Rekrutmen ketat anggota
Salah satu strategi yang dilakukan JI adalah dengan mengajak secara ketat para anggota. Hal ini dijelaskan kepolisian menyusul terungkapnya 12 tempat pelatihan kelompok mereka di Jawa Tengah, salah satunya di daerah Ungaran, Semarang.
JI bertanggung jawab atas berbagai macam serangan bom sekitar tahun 2000-an, termasuk serangan di Jakarta dan bom Bali I. Melalui pemeriksaan terhadap sejumlah orang yang sudah ditangkap, Kepala Divisi Humas Polri Irjen Argo Yuwono menjelaskan, skema perekrutan ketat yang dilakukan kelompok tersebut telah berlangsung sejak 2011.
Argo Yuwono menjelaskan pelatihan tersebut meliputi bela diri dengan tangan kosong, lempar pisau, penggunaan senjata tajam, merakit bom, hingga melakukan penyergapan. Menurut keterangan polisi, tempat tersebut sudah melahirkan tujuh angkatan dengan 96 anggota aktif.
Sebanyak 66 anggota sudah berangkat ke Suriah untuk menjadi kombatan, sementara lainnya sudah ditangkap dan menjalani proses hukuman. Akan tetapi, pihak kepolisian masih tetap melakukan proses pencarian.
Waspadai JI
Belakangan ini, sejumlah aksi terorisme yang terjadi, seperti bom Sarinah 2016 hingga bom bunuh diri gereja di Surabaya 2018, sering dikaitkan dengan kelompok yang berafiliasi dengan ISIS, yaitu Jamaah Ansharut Daulah (JAD).
Meski begitu, peneliti Institute for Policy Analysis of Conflict (IPAC), Sidney Jones mengatakan, pemerintah harus terus waspada dengan JI karena memiliki visi jangka panjang untuk mendirikan negara Islam. Kelompok itu, berupaya merekrut anggota yang terampil dengan sistem yang strategis, berbeda dengan sistem ISIS.
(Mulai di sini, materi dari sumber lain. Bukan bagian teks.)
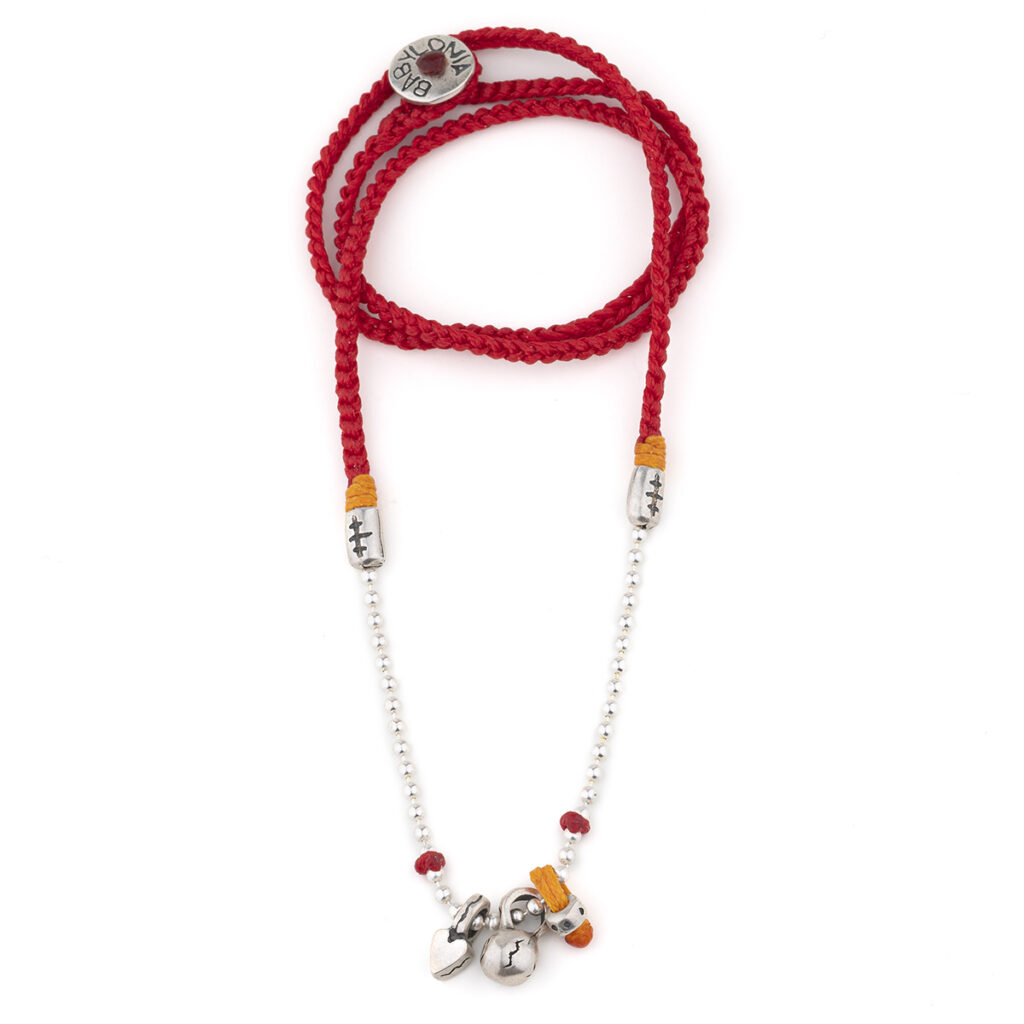 Love Amulet Necklace 935° Sterling Silver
Perekrutan JI jauh lebih rumit dan strategis ketimbang ISIS. Biasanya ISIS hanya mengambil orang dari jalan atau grup internet tanpa mengetahui latar belakangnya, sedangkan JI menjamin anggotanya memiliki pengetahuan tinggi dan mendalam.
Maka bisa dipastikan bila anggota JI lebih terampil dan berpengetahuan, dibandingkan dengan anggota ISIS. Polisi mengatakan, gerakan JI itu dibiayai oleh 6 ribu anggota yang aktif.
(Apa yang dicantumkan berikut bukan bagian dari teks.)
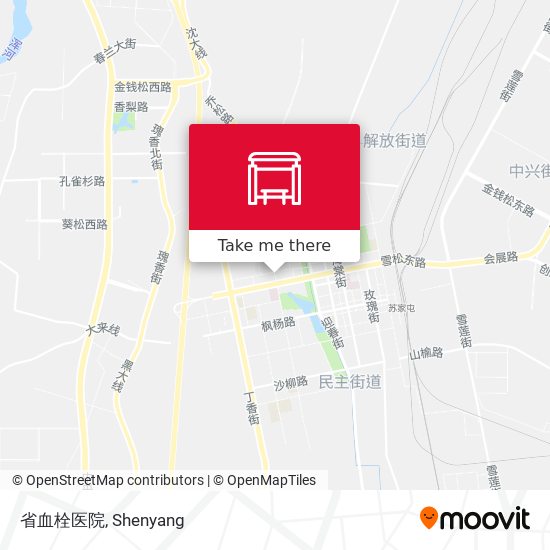省血栓医院 map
Merujuk data itu, Sidney mencatat peningkatan jumlah simpatisan JI. Ia meminta pemerintah waspada terhadap kelompok JI, tanpa mengabaikan keberadaan kelompok lain yang masih berafiliasi dengan ISIS.
Bagaimana pengawasan di ponpes?
Terkait dengan perekrutan itu, Direktur Jenderal Pendidikan Islam Kementerian Agama, Ali Ramdhani mengatakan, pengawasan dilakukan walaupun secara informal. Ia juga menuturkan perekrutan bisa terjadi di setiap pesantren tanpa izin.
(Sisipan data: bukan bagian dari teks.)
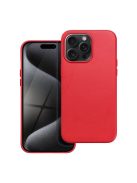 LEATHER MAG COVER case for IPHONE 15 Pro Max red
Maka dari itu, Ali Ramdhani meminta kerja sama semua pihak untuk mengawasi kegiatan keagamaan di luar kebiasaan dan yang menyebarkan ujaran kebencian.
Direktur Pendidikan Dhiniyah dan Pondok Pesantren Waryono Abdul Ghofur mengatakan, pesantren yang diincar bukan pesantren yang memiliki relasi dengan Kemenag, serta ormas besar seperti NU dan Muhammadiyah.